Well I'm back after Christmas, I've been trying to focus on family rather than work but have had some time to work on my new project. I'm writing a new profiling tool, or rather rewriting an old tool from scratch with the original developers permission.
I'm taking things slowly, the first phase is to load the original trace files into a new more efficient memory model. I'm focusing on speed and memory efficiency so I have innita+lly at least abandoned an object model for the profiling events, method entry exit etc., and gone for a straight byte array. I am paying for the cost of constantly encoding and decoding ints and longs to and from bytes but modern processors and JITs seem to gobble this stuff up with ease.
One major problem is how to allocate the array, in one big chunk? it multiple smaller arrays? If the latter how can they be easily stitched together?
I have been experimenting with smaller arrays, in fact a two dimensional byte array where the second dimension is allocated "on demand" and both dimensions are referenced
with a single pointer, it turns out to be quite simple and the costs are not too great (~25%). It gives me much more flexibility for a reasonable overhead.

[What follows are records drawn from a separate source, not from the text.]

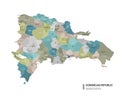 Dominican Republic higt detailed map with subdivisions. Administrative map of Dominican Republic with districts and cities name,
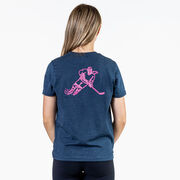 Hockey T-Shirt Short Sleeve - Neon Hockey Girl (Back Design)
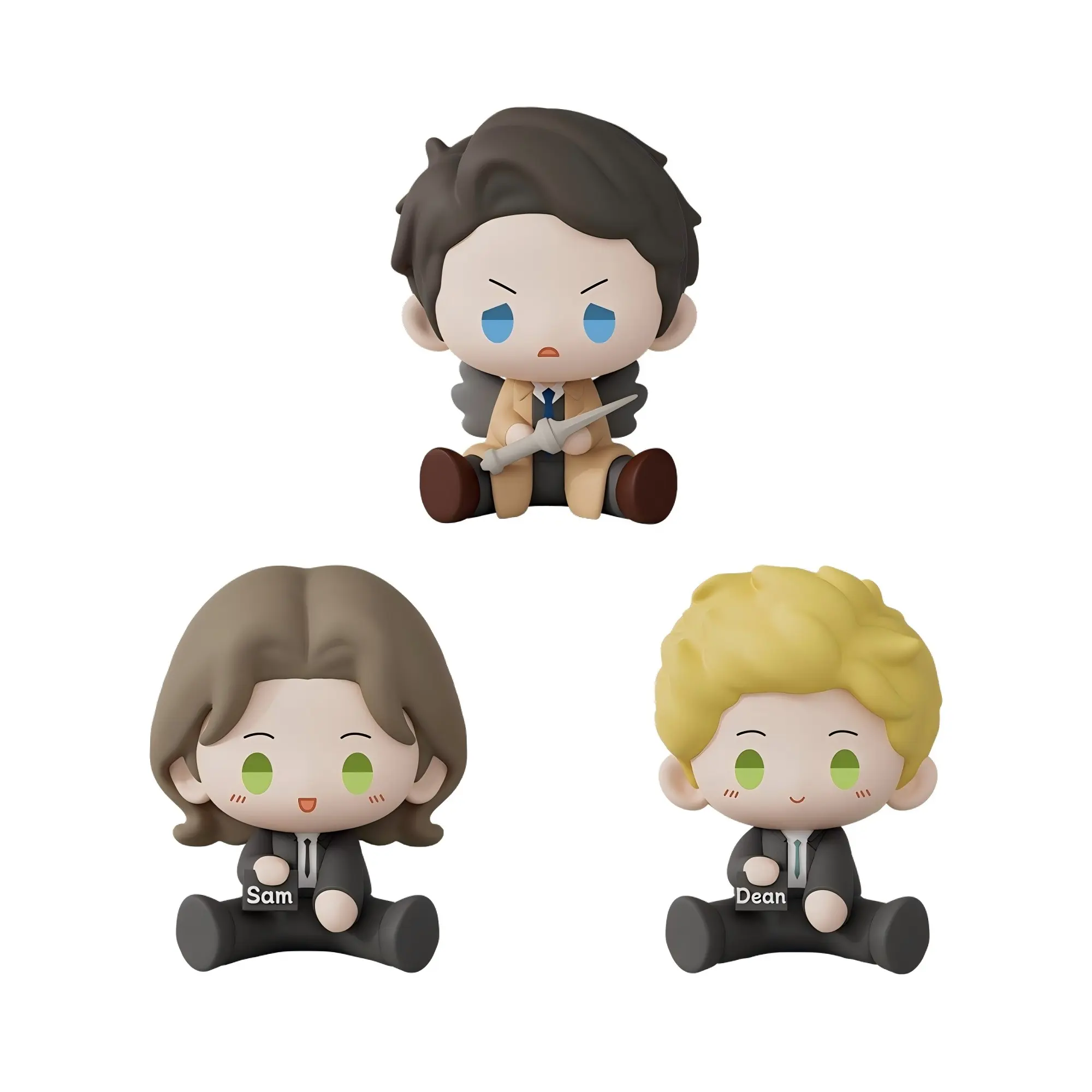 Set of 3 SUPERNATURAL: JOIN THE HUNT Apple of My Eye Series Sitting Pose Vinyl Figures XTOPiA Authentic Collectible Figures Figurines for Collectors Anime Action Figure Figures Combo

Essentially you take a single int pointer and AND it with a far and near mask yielding the indices's for the first and second dimension;
For example:
final static int FAR_MASK = 0x7f800000; // The first 7 means we don't go negative
final static int NEAR_MASK = 0x007fffff; // Effectively the inverse of the above
.....
public int readTreeInt(int offset) {
int value = 0;
value |= (tree[(offset & FAR_MASK) >>> 23][offset++ & NEAR_MASK] & 0xff) << 24;
value |= (tree[(offset & FAR_MASK) >>> 23][offset++ & NEAR_MASK] & 0xff) << 16;
value |= (tree[(offset & FAR_MASK) >>> 23][offset++ & NEAR_MASK] & 0xff) << 8;
value |= tree[(offset & FAR_MASK) >>> 23][offset & NEAR_MASK] & 0xff;
return value;
}
On each new event read (it could be 5 or 10 depending on potential event size) I check with another mask if I'm getting close to the end (<32K) of the current "near" array, if so I just pre-allocate the next array segment.
In this example the masks yield a 256x8M or the maximum 2G space seamlessly accessed by a single pointer. Reminiscent of the old intel 8086 memory model I'm sure you'll agree.